- **YOUR TASK**: From the records below, return every line containing the word "Free".

- **Records from a dataset**:
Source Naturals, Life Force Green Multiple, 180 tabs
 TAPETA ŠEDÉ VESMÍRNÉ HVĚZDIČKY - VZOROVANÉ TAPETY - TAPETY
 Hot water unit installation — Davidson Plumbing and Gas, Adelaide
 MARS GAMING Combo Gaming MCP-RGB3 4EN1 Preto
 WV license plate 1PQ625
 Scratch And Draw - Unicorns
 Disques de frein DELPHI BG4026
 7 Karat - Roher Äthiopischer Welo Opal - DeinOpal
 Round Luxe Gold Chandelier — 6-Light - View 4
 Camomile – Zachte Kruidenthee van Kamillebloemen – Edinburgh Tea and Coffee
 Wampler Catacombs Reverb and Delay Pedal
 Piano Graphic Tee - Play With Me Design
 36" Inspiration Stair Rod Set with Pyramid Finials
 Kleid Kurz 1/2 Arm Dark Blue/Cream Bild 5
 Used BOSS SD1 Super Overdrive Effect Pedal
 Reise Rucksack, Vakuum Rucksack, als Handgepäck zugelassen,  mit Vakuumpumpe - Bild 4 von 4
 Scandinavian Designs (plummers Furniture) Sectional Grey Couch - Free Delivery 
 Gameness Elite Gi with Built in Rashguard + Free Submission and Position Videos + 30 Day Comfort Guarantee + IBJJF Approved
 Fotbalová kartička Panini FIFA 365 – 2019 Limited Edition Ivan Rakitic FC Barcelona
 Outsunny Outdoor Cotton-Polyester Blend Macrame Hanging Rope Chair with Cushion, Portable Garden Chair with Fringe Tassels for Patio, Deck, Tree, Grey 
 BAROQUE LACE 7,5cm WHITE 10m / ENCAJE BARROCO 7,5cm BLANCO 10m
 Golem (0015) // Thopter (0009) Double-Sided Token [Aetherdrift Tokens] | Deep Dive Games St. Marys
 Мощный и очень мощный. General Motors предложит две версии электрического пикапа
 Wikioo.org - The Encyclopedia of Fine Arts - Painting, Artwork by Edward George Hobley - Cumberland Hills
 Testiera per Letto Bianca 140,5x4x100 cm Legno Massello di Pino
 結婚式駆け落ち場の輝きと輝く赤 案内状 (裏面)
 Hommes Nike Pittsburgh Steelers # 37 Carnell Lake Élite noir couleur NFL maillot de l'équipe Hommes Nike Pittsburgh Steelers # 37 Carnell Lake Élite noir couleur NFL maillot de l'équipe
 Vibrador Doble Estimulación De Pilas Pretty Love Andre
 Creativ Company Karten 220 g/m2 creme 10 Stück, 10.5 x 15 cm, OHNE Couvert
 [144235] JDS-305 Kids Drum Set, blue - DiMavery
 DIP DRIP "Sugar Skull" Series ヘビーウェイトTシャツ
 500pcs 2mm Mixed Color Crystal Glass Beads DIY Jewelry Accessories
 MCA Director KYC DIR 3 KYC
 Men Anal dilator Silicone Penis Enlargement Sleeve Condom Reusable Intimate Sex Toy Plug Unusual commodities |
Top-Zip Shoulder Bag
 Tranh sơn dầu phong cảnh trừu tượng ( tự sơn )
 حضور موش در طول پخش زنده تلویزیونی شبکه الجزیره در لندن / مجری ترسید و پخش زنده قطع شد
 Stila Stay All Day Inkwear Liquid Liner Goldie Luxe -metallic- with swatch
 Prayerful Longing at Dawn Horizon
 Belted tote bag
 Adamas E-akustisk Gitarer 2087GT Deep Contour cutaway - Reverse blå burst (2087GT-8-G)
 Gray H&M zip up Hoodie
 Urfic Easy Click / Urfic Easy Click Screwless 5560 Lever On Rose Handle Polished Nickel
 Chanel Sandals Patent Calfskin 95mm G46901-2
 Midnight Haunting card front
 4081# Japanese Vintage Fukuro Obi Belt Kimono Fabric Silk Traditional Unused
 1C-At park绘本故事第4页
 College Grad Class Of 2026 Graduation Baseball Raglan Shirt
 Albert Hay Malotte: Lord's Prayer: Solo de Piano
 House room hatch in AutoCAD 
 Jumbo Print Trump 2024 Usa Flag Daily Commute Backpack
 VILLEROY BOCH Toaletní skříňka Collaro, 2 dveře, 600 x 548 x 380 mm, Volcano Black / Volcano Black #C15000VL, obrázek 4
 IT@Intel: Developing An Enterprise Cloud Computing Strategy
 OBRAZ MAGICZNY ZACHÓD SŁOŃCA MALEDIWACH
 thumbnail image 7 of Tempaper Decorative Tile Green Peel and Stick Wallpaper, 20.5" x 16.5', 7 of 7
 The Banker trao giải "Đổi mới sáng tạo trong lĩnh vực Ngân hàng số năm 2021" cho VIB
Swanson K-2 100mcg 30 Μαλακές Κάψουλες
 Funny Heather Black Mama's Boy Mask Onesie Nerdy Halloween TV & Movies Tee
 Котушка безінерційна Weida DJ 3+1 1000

- **RESPONSE TO THE EXERCISE**:
 Scandinavian Designs (plummers Furniture) Sectional Grey Couch - Free Delivery 
 Gameness Elite Gi with Built in Rashguard + Free Submission and Position Videos + 30 Day Comfort Guarantee + IBJJF Approved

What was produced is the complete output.